Running Payroll & Your Instructions

The new tax year begins on 6 April 2026 - HMRC requires payroll to be processed under Real Time Information (RTI).
This means we must receive clear and explicit instructions from you before running payroll.

Important - If we do not receive confirmation from you, no salary will be processed and no RTI submissions will be made to HMRC.

Salary Levels – Illustrative Examples

The personal allowance for the 2026/27 tax year remains at £12,570. The table below is provided for information only.

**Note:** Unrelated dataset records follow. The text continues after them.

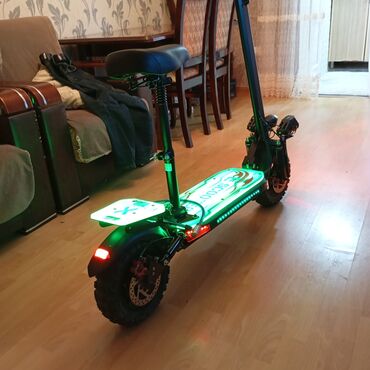 мапет: - E-SCOOTER, 80 см3, 2024 год, 220 км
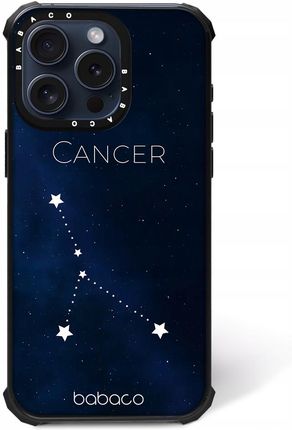 Babaco Etui Do Apple Iphone 14 Pro Max Zodiac Constellation 004 Magsafe Gra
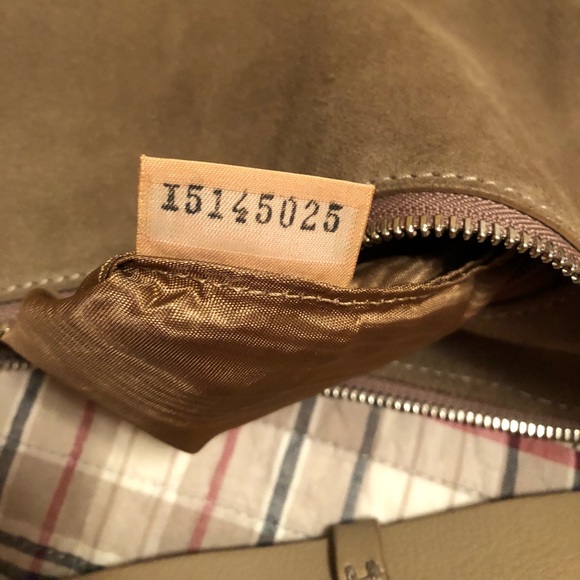 Dooney & Bourke large hobo bag - Picture 4 of 8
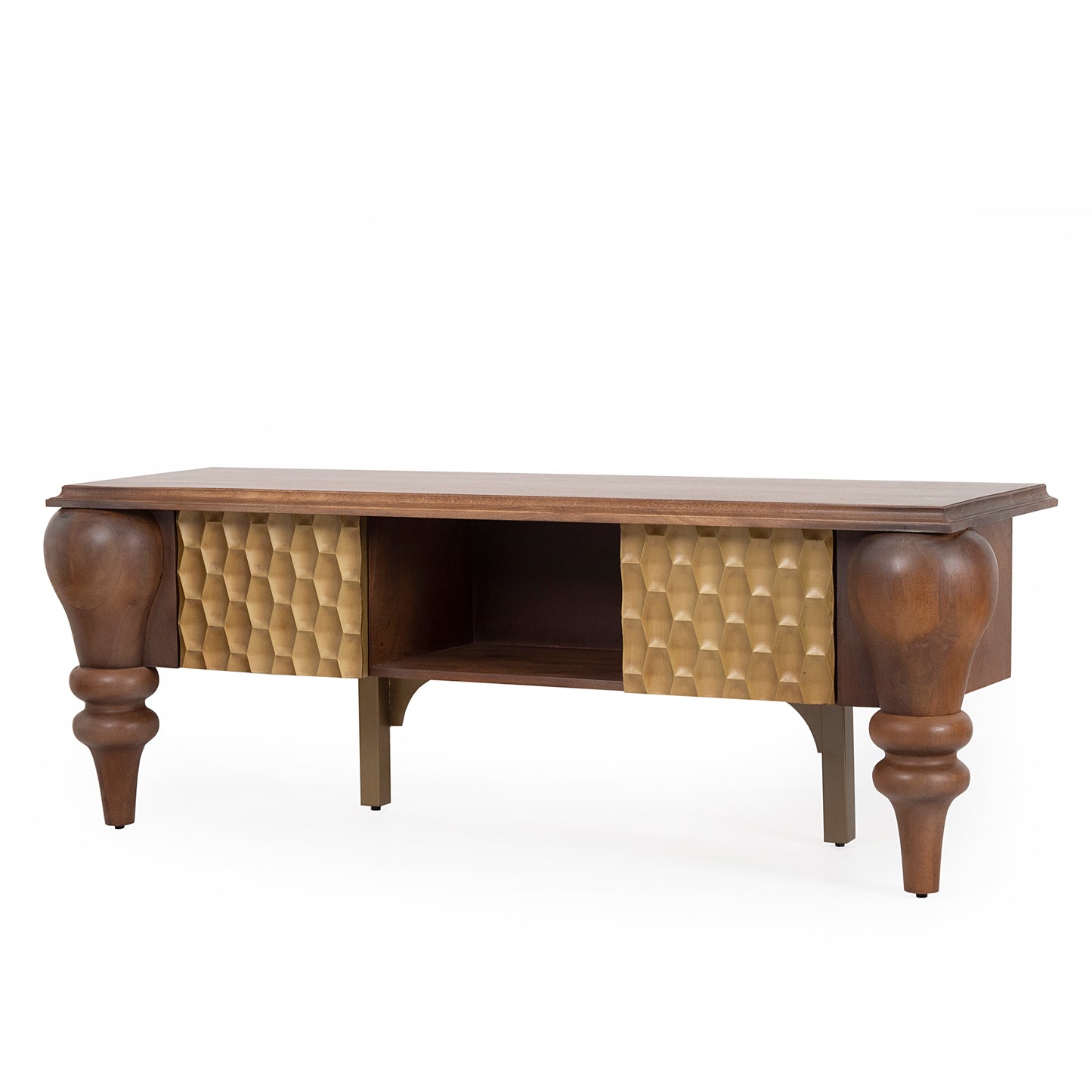 Bold Elegance, Built to Shine Tv Cabinet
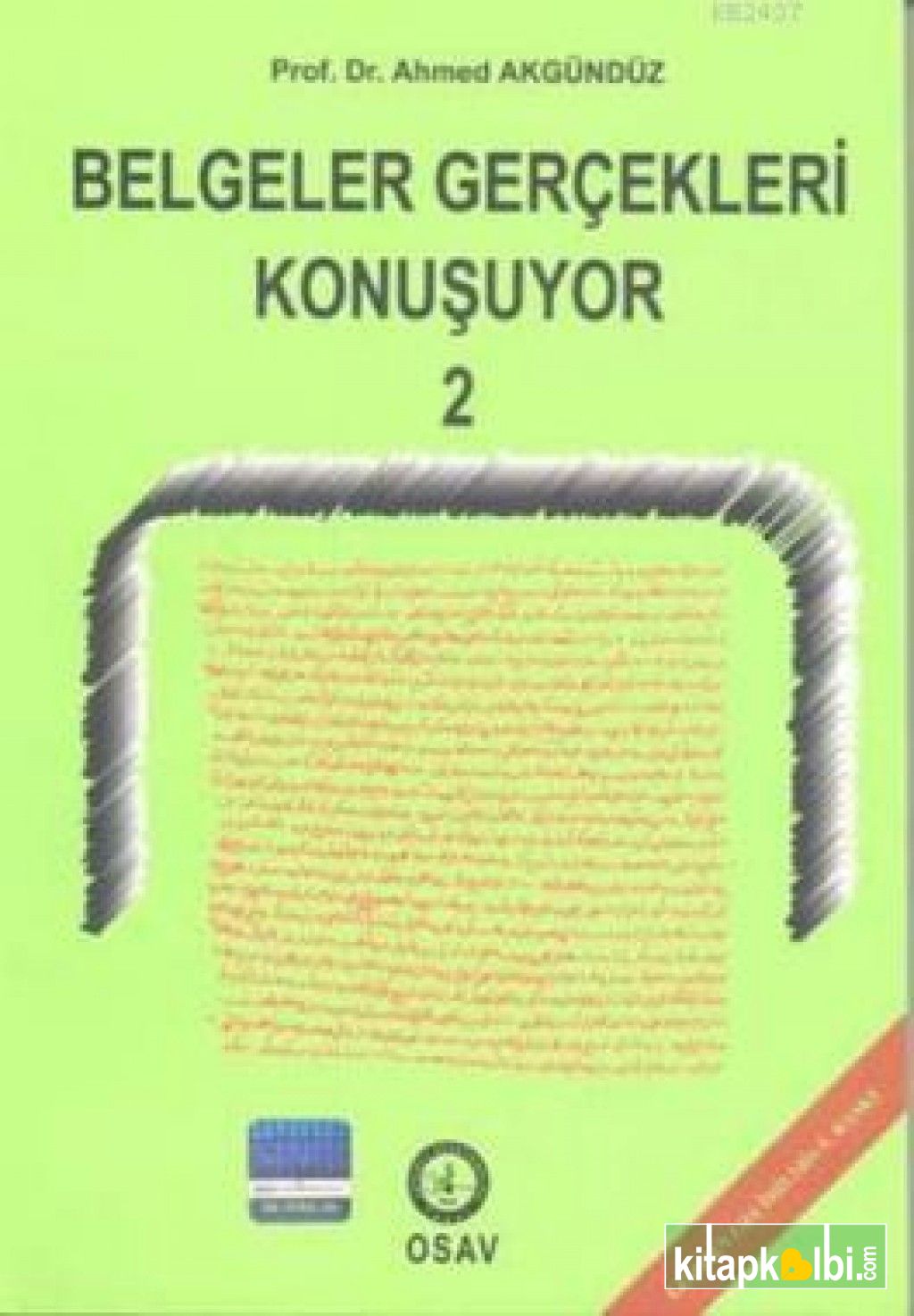 Belgeler Gerçekleri Konuşuyor 2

Salary Gross Monthly Tax NI Net Pay Er's NI* Er's NI 1+* Annual Benefit*
without Employment Allowance
Annual Benefit*
with Employment Allowance
£6,708.00 £559.00 £0.00 £0.00 £559.00 £21.35 £0.00* £1,067.00 £1,275.00
£9,096.00 £758.00 £0.00 £0.00 £758.00 £51.20 £0.00* £1,231.00 £1,728.00
£12,570.00 £1,047.50 £0.00 £0.00 £1,047.50 £94.63 £0.00* £1,469.00 £2,388.00
£15,000.00 £1,250.00 £40.50 £16.20 £1,193.30 £125.00 £0.00* £955.00 £2,170.00

These figures are estimates based on the 2026/27 tax year rates and thresholds. Actual amounts may vary depending on individual circumstances. Employers NI is calculated using the Employment Allowance where applicable.
** Net estimated annual tax benefit vs no salary per director (up to).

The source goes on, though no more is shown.